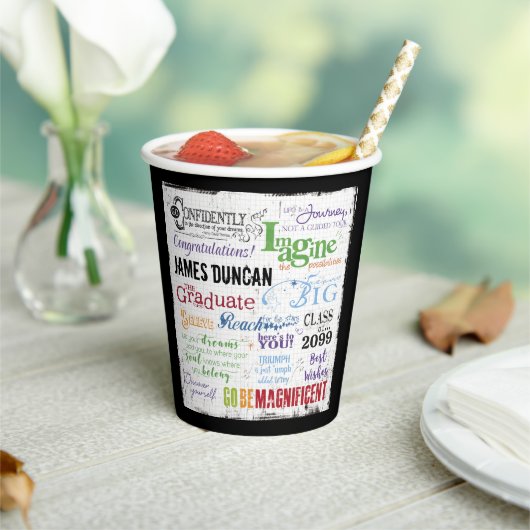 Graduation Party Motivatie Inspirerend quotes Papieren Bekers (Insitu)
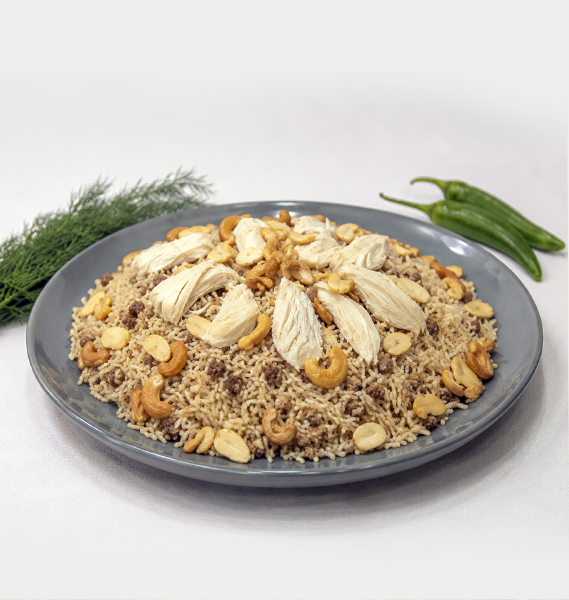 منسف دجاج / Chicken Mansaf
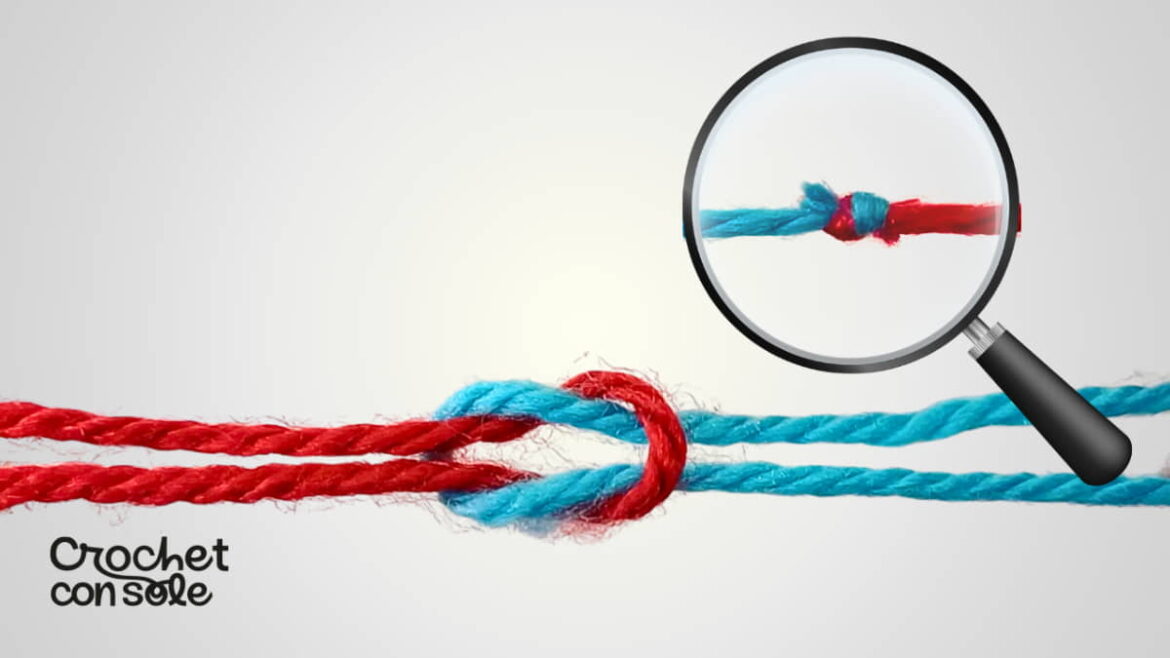 Nudo llano para unir lanas – Fácil, invisible y seguro a crochet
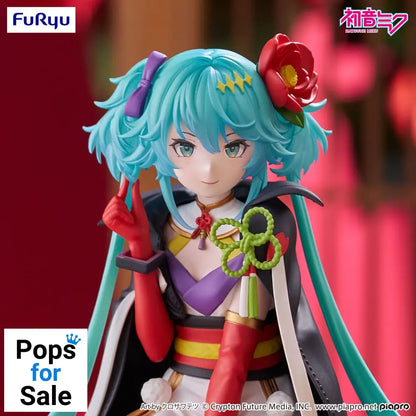 Hatsune Miku Noodle Stopper PVC Statue Flower Fairy Camellia 15 cm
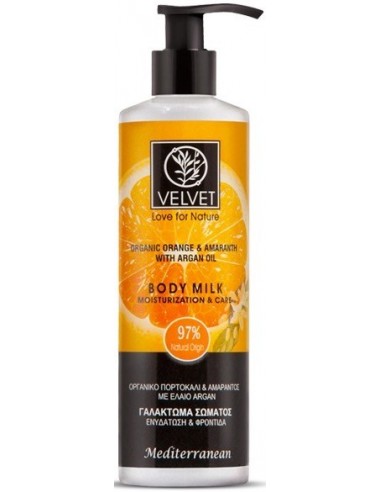 Body milk naranja Velvet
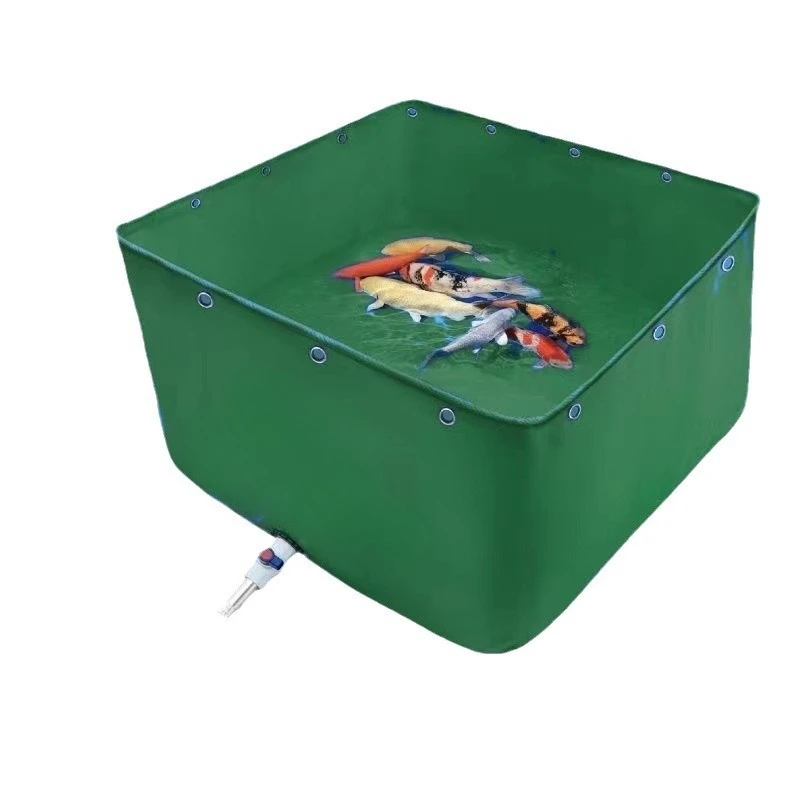 Large fish ponds outdoor water-filled tarpaulin waterproof cloth for household water storage tanks, knife-resistant scrape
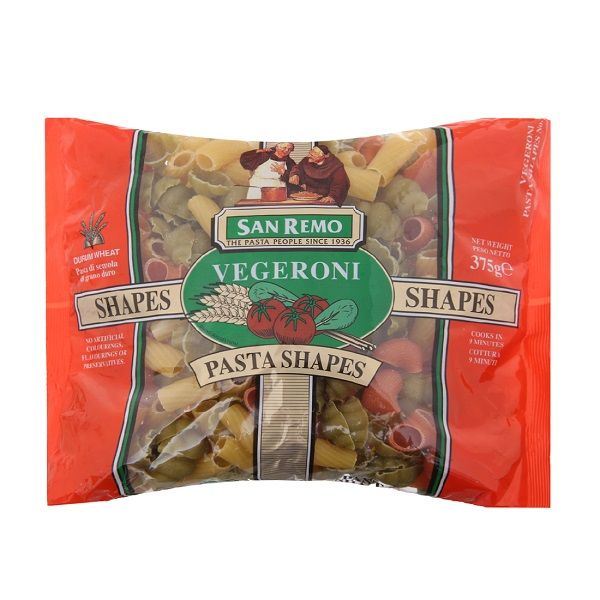 Nui Rau Củ Shapes Số 120 San Remo 375g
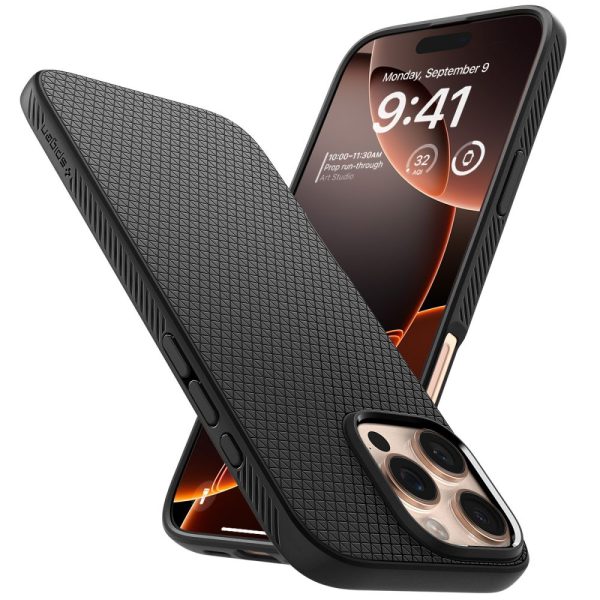 iPhone 16 Pro Liquid Air vāciņš - melns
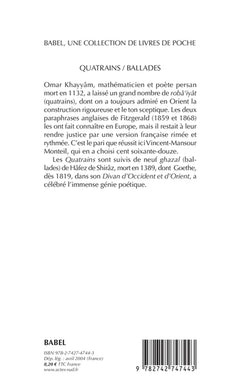quatrains - ballades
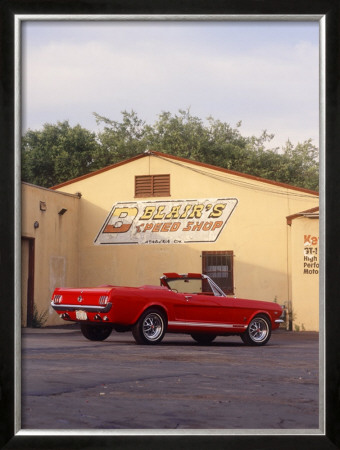 1965 Mustang Gt Convertible by David Newhardt Pricing Limited Edition Print image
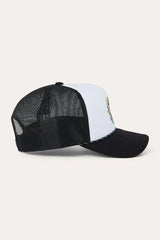 Ringers Western Bucking Barra Foam Cap White/Black
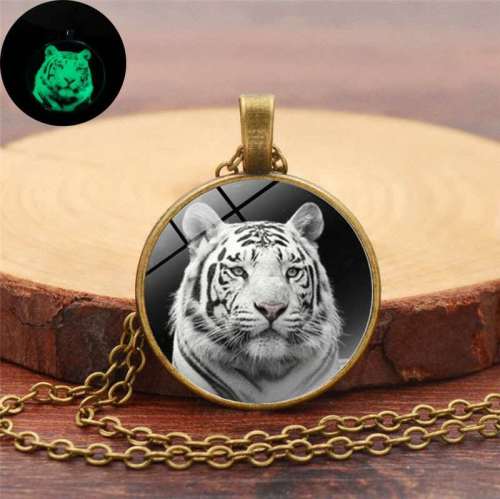 Glowing Tiger Necklace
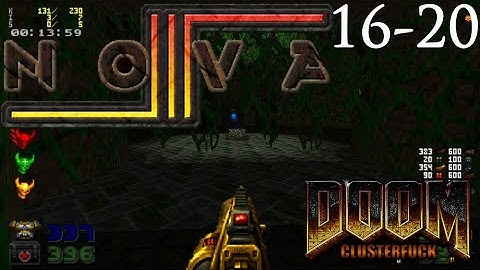 The dungeons - Complex Doom CF NOVA 3 map 16-20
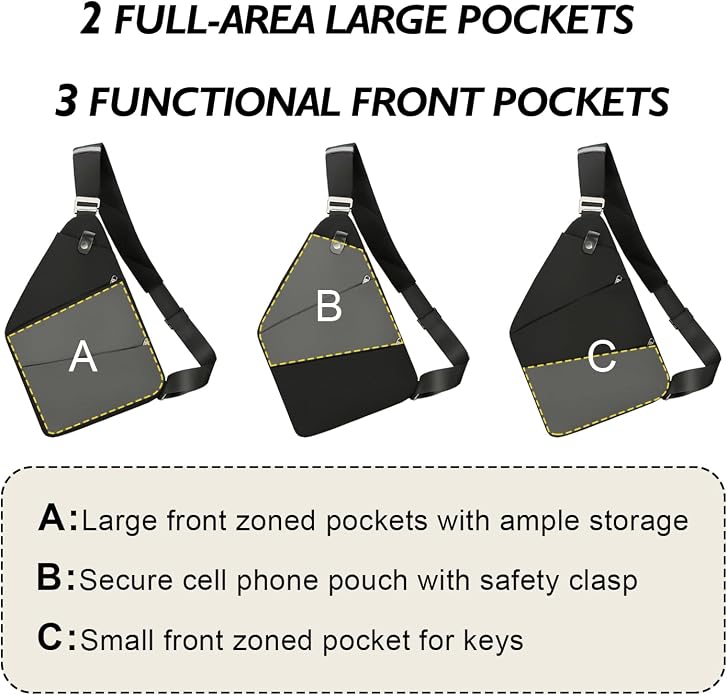 Anti Theft Crossbody Travel Bags - Image 5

- [Assigned task]
Restate the entries above word for word, keeping pictures out of the copy.

- [Final answer]
 Graduation Party Motivatie Inspirerend quotes Papieren Bekers (Insitu)
 منسف دجاج / Chicken Mansaf
 Nudo llano para unir lanas – Fácil, invisible y seguro a crochet
 Hatsune Miku Noodle Stopper PVC Statue Flower Fairy Camellia 15 cm
 Body milk naranja Velvet
 Large fish ponds outdoor water-filled tarpaulin waterproof cloth for household water storage tanks, knife-resistant scrape
 Nui Rau Củ Shapes Số 120 San Remo 375g
 iPhone 16 Pro Liquid Air vāciņš - melns
quatrains - ballades
 1965 Mustang Gt Convertible by David Newhardt Pricing Limited Edition Print image
 Ringers Western Bucking Barra Foam Cap White/Black
 Glowing Tiger Necklace
 The dungeons - Complex Doom CF NOVA 3 map 16-20
 Anti Theft Crossbody Travel Bags - Image 5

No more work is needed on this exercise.